Also, Mr. Sutherland fails to acknowledge that the primary reasons given for the war, and the reasons most Americans supported the war, were our national defense, not promoting democracy. Or one could say that the war itself was for national defense, and thus “conservative,” but that the occupation and democratization effort, with its PC restrictions against forcible military action, has been “liberal.” A truly “conservative” war and occupation would have been run very differently.

Posted by: Lawrence Auster on May 20, 2004 9:55 AM

I’m glad Matt agrees with me that different brands of liberalism are in conflict with each other. But I don’t think he helps advance people’s understanding of the idea of intra-liberal warfare when he says that America’s war against Nazi Germany is an example of it. Nazism as liberalism is an idea that makes sense to Matt alone.

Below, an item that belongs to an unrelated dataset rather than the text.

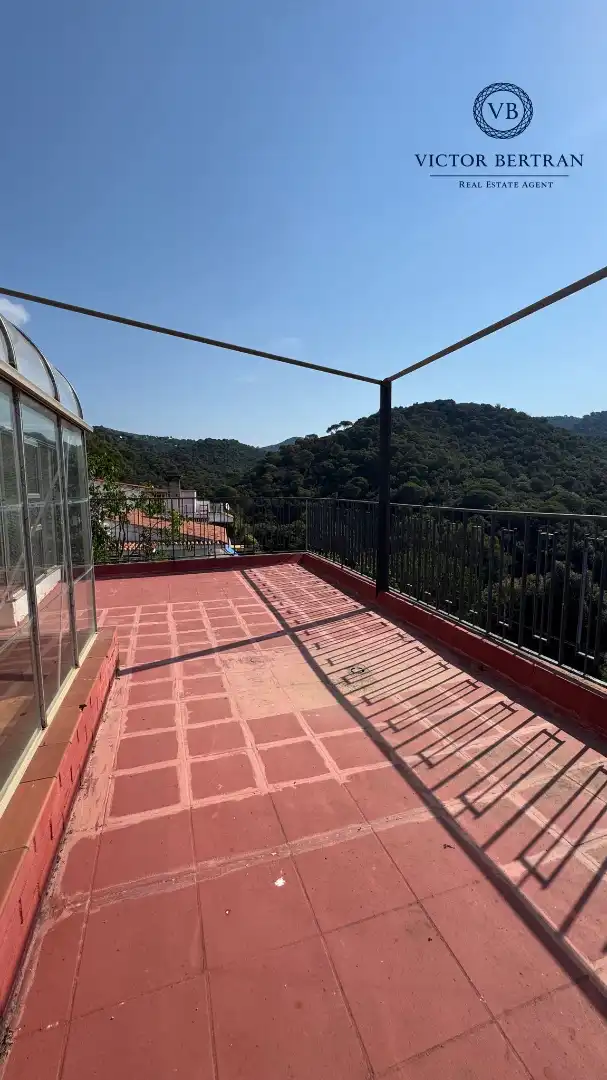 Terraza de Casa adosada en venta en Sant Cebrià de Vallalta con Aire acondicionado, Calefacción y Jardín privado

Posted by: Lawrence Auster on May 20, 2004 10:00 AM

Well, not to me alone actually. But I am in rather small company, that is true.

I am puzzled that people don’t see national socialism as a form of liberalism (not that it should be immediately obvious given the biases in how we are taught history mind you, but that given reflection it is quite clear). Liberalism is the ideology of the free and equal new man, self created through reason and will, in conflict with a traditional oppressor-untermensch. What could be more Nazi than that?

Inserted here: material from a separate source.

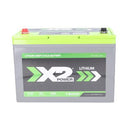 X2Power 12.8V 125Ah Marine Lithium Iron Phosphate Deep Cycle Battery with Bluetooth-1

Posted by: Matt on May 20, 2004 10:07 AM

Mr. Auster and Matt make good points, especially about different strains of liberalism that may conflict. I agree, and I don’t believe it vitiates my analysis. In the case of the Iraq war, the democratist justifications we hear now are pure Wilsonian liberalism. As for earlier justifications on national security grounds, to me they are not particularly conservative, based as they are on a very broad-reaching national strategy of pre-emptive interventionism - something those who actually founded this country often warned against - and on claims about Iraq’s capacity to threaten the United States that were not true.

If Matt means by characterizing Nazism as liberalism that it was a new, secular, corporatist regime at war with traditional society and religion, there may be something to it, although I doubt that liberalism is the right label for the Nazis’ revolt against traditional order. I too have a hard time seeing Nazism as liberalism.

That is all off my main point, which is that even though they are not the fault of conservatism, the Bush administration’s failures and mistakes (at least to the extent they annoy liberals) will be blamed on conservatism. The challenge is to show why they are not, and how true conservatives would have played the hand dealt President Bush differently. HRS

Posted by: Howard Sutherland on May 20, 2004 10:17 AM

“The challenge is to show why they are not, and how true conservatives would have played the hand dealt President Bush differently.”

Exactly. Which, by the way, is something the anti-war right utterly failed to do. Instead of offering constructive criticism and suggestions on how do we deal with this situation, they just demonized Bush and war as a neocon, pro-Israel, ploy, thus adding nothing useful to the debate but injecting endless amounts of poison into the political system.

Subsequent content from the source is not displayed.